■ **TASK INSTRUCTIONS**
Word for word, please restate each record and pass over the pictures.

■ **TASK INPUTS**

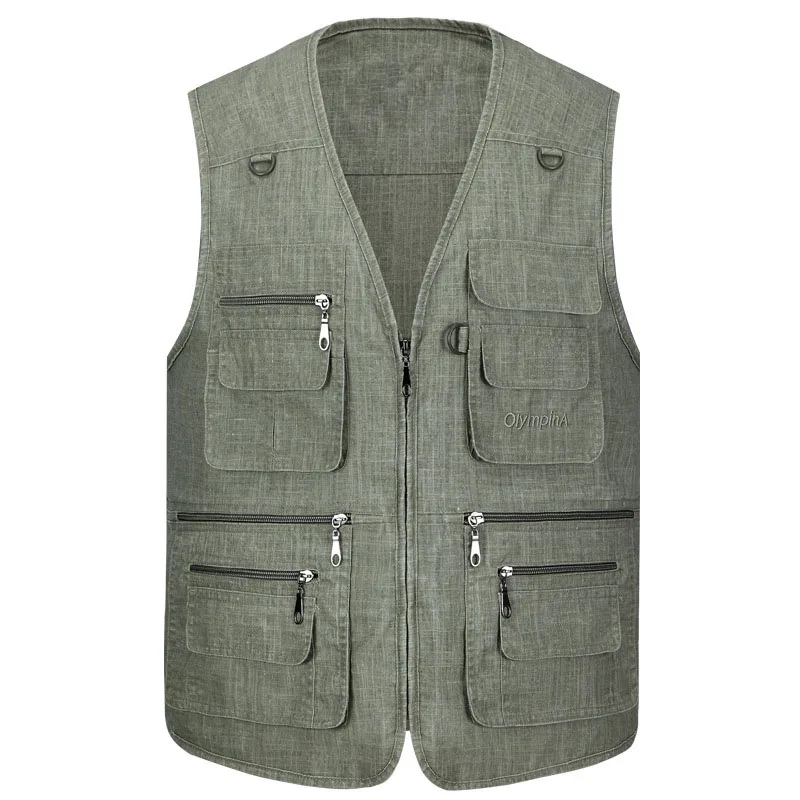 new arrivla fashion casual Multi Pocket Vest Slub Cotton men autumn
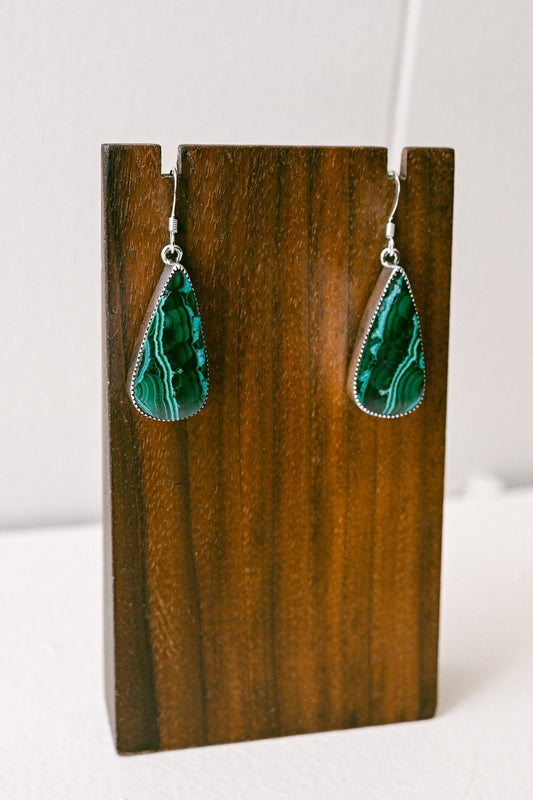 Alice Johnson Navajo Sterling Silver Malachite Hook Earrings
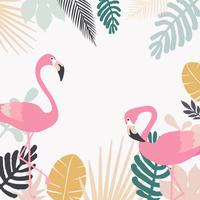 Tropische jungle verlaat achtergrond met flamingo's vector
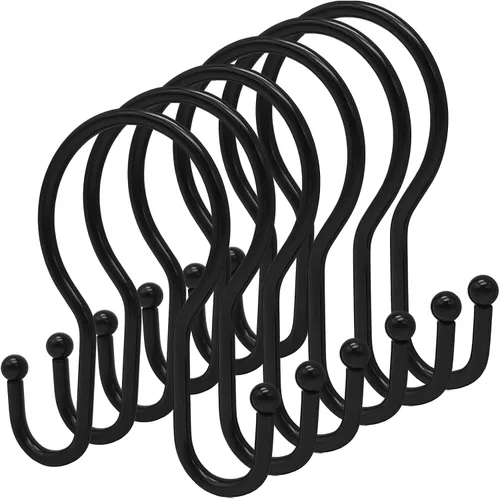 Ganchos dobles para cortina de ducha, 24 ganchos de ducha de metal inoxidables para cortina de ducha, anillos de ducha dobles para cortina de ducha,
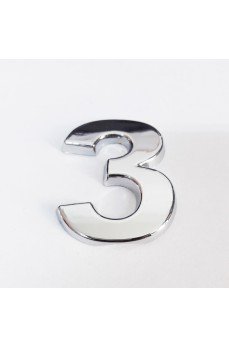 Cemax 3 Rakamı 3,75 cm Krom Yapışkanlı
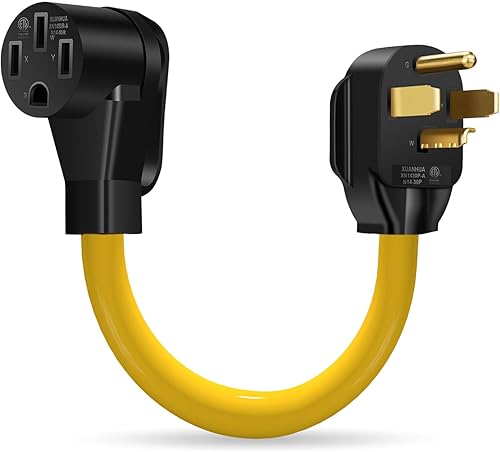 NEMA 14-30P a 14-50R Cable adaptador de cargador EV compatible con EV, 125V250V 4 clavijas de secadora enchufe macho a 50 amperios 4 clavijas EV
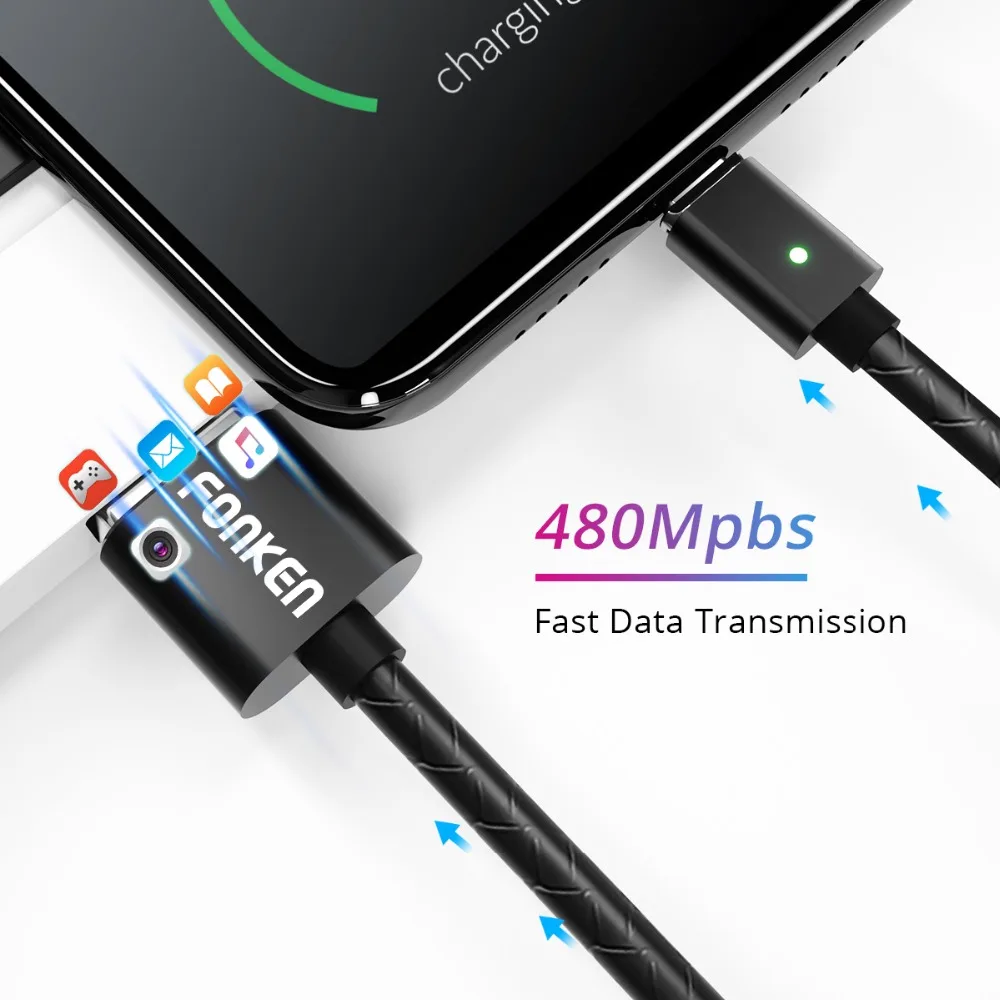 Магнитный кабель FONKEN USB Type C зарядный шнур для передачи данных магнитный телефона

■ **WRITTEN SOLUTION**
 new arrivla fashion casual Multi Pocket Vest Slub Cotton men autumn
 Alice Johnson Navajo Sterling Silver Malachite Hook Earrings
 Tropische jungle verlaat achtergrond met flamingo's vector
 Ganchos dobles para cortina de ducha, 24 ganchos de ducha de metal inoxidables para cortina de ducha, anillos de ducha dobles para cortina de ducha,
 Cemax 3 Rakamı 3,75 cm Krom Yapışkanlı
 NEMA 14-30P a 14-50R Cable adaptador de cargador EV compatible con EV, 125V250V 4 clavijas de secadora enchufe macho a 50 amperios 4 clavijas EV
 Магнитный кабель FONKEN USB Type C зарядный шнур для передачи данных магнитный телефона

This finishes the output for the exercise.